Social Care – a huge challenge for local authority procurement

I wrote this before this week's shocking Panorama programme on UK TV featuring abuse of patients in a private hospital / care home; obviously another issue that makes this such a difficult and sensitive area.

I bought shares in Southern Cross plc, the UK’s largest provider of care homes, around 5 years ago – it seemed to me it was a market that could only expand.  Southern Cross is now teetering on the edge of bankruptcy, and I’ve lost 98% of my money.  Why?

The particular Southern Cross reasons illustrate why this market is arguably dysfunctional and is building up to be such a problem for the UK State, procurement people and of course all of us who may need the services of care homes, for ourselves or our families. Southern Cross problems arose to a large extent through their strategy of selling off the freehold of their properties and leasing them back.  Perhaps they weren’t canny enough in those negotiations, but they seem to be stuck in upwards only lease deals, which they now can’t afford, because their revenues are not increasing to keep pace.

That’s because local authorities represent such a large part of the market, and their financial issues mean that they haven’t been prepared to pay increasing rates.  You can charge individual residents a bit more – but it’s not an inelastic market, and as individuals’ money runs out, their fees fall back onto the State. Certainly in some parts of the country, the local authority is virtually a monopoly buyer.

Meanwhile, let’s think about the cost structure for a care home.  Excluding the property itself, the number one cost is labour.  That’s going to rise with earnings, which in the medium term usually exceeds retail inflation (and the minimum wage has gone up faster than inflation).  Number 2 cost – probably food? We know what is happening to food inflation.  Number 3 – utilities.  As above – and that isn’t going to change with climate levies and so on.

And legislation, although well-intentioned and designed to protect residents, has brought more cost pressures on homes. So costs are going to continue to rise faster than general inflation I would suggest, while local authority budgets get tighter and tighter. And don’t forget, we will soon move into a generation where fewer pensioners have healthy final salary pensions, which might have helped cover nursing home fees.

What else makes this a difficult market? Well, it is very slow moving in terms of competitive pressure. It is difficult to move residents from one home to another. If Southern Cross does go under, it will be a nightmare for councils. So good – or bad – performance is not rewarded quickly in the way that happens in more dynamic markets, where a firm with a cost or quality disadvantage would lose market share as consumers switch to competitors.  Here, the more likely outcome for a supplier is the slow lingering decline. It’s also a market where it is hard to see how providers can drive efficiency aggressively – providing fewer staff has obvious implications for care, and turning down the heating or reducing food quality are not attractive options.
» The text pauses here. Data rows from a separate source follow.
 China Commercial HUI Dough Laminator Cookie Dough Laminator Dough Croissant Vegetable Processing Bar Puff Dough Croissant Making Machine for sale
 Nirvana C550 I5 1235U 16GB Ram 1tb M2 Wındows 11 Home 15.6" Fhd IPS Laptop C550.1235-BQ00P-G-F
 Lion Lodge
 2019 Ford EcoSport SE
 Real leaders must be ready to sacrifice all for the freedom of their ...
This is already one of the public sector’s biggest spend categories. And it has grown by almost 50% in real terms in the last ten years as more people live longer, and (I suspect) fewer families are prepared to look after their ageing relatives themselves.
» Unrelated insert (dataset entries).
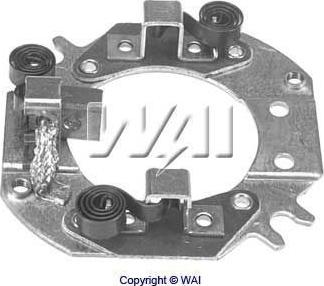 WAI 69-8105 - Държач, карбонови четки vvparts.bg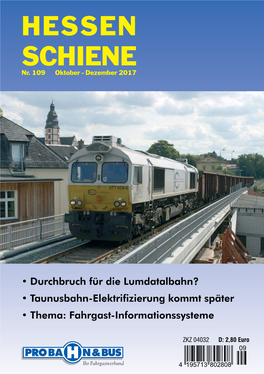 Hessenschiene Nr. 109 (PDF)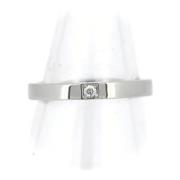 Bvlgari Vintage Pre-owned Metall ringar Gray, Dam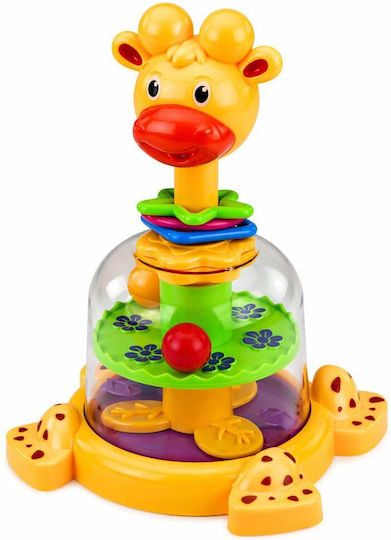 Lean Toys Въртящ се връх за 6+ Месеца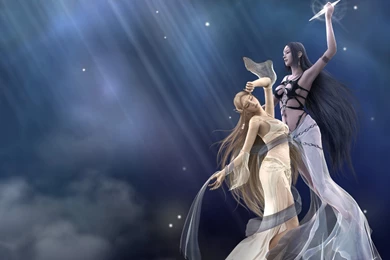 Rikku Fantasy Girl Hd Wallpapers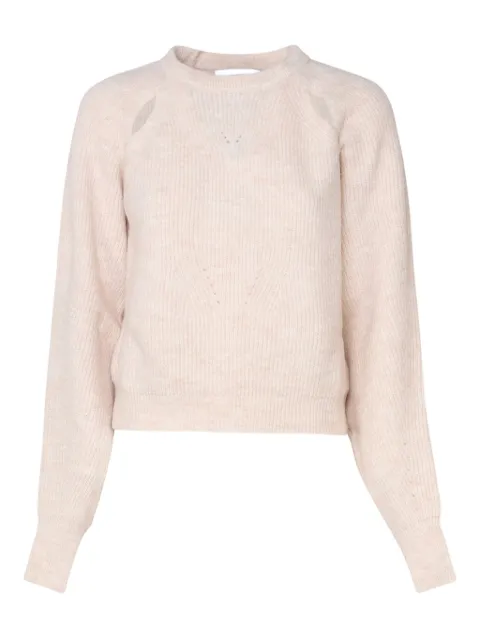 MARIUCCIA MILANO ribbed round-neck sweater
Local Authorities have reported an increase in Adult Social Service Gross Current Expenditure from £16.1 billion in 2008-09 to £16.8 billion in 2009-10, this is approximately 5 per cent in cash terms and 3 per cent real terms.
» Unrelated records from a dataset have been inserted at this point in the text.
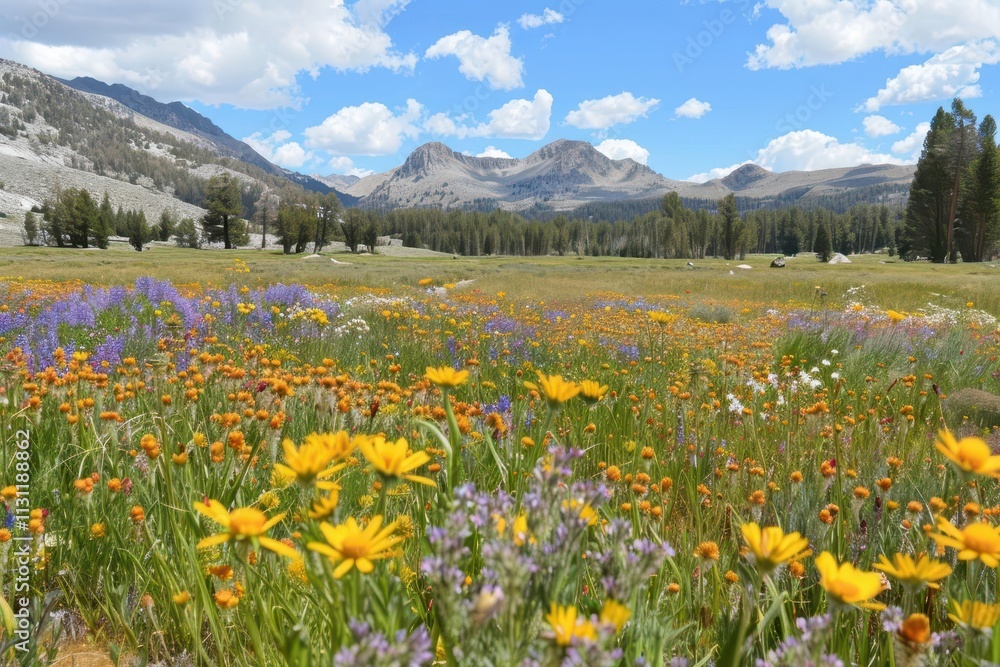 Fototapeta premium Harmony of Nature. Capturing the beauty of a diverse ecosystem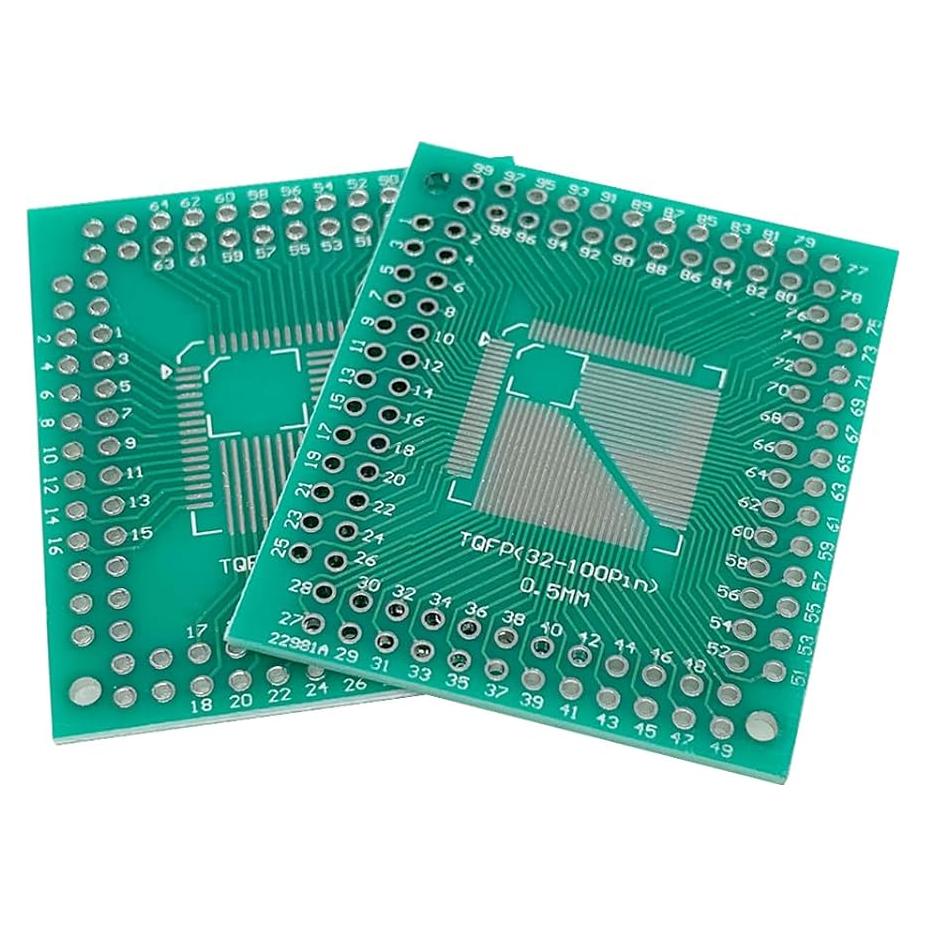 10 Placas Adaptadoras SMD a DIP Cermant 38x46mm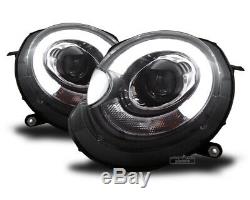 Projectors New Mini Cooper R55 R56 R57 R58 R59 2006-2014 Led Light Tube Black L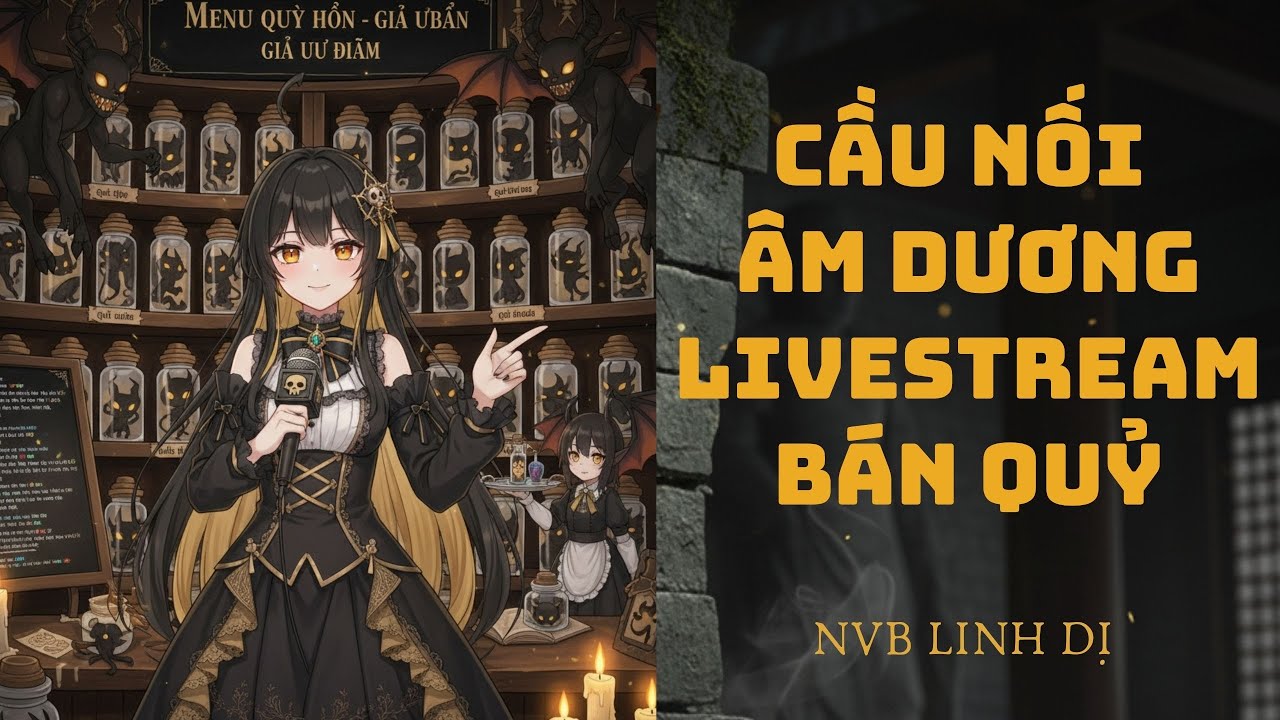 [ Audio Linh Dị ] Cầu nối âm dương livestream bán quỷ ~ NVB Linh dị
That is not all residential care of course, but spend is only likely to grow, and become more and more of a problem, unless something radical is done.  What might that be? Innovative ways of helping people stay in their own homes for longer? Paying families to look after Grandma?  “Adopt a pensioner” schemes?  Bigger, more ‘automated’ homes to drive economies of scale? Moving residents to countries with lower land and labour costs? Back to the days of relying on charity and the Parish poorhouse (perhaps re-branded as a Big Society initiative?)

Back to procurement; that £16 billion is almost half as much again as the in-scope spend for the Whitehall ‘centralised procurement’ initiative. Think how much press coverage that has had, the seniority of the people in charge of that programme, and how much attention it has at Ministerial level.  Yet here’s a single ‘category’ that is half as big again and is facing a certain crisis – have we seen any big procurement initiatives here?  Do local authorities have a clear market and supplier strategy in place? How are their risk management approaches looking given the Southern Cross situation....

Or does it just fall into the ‘too difficult’ bucket?

But one small consolation to finish with; if you’re a capable category manager in this field, you’re unlikely to be short of work for the rest of your career.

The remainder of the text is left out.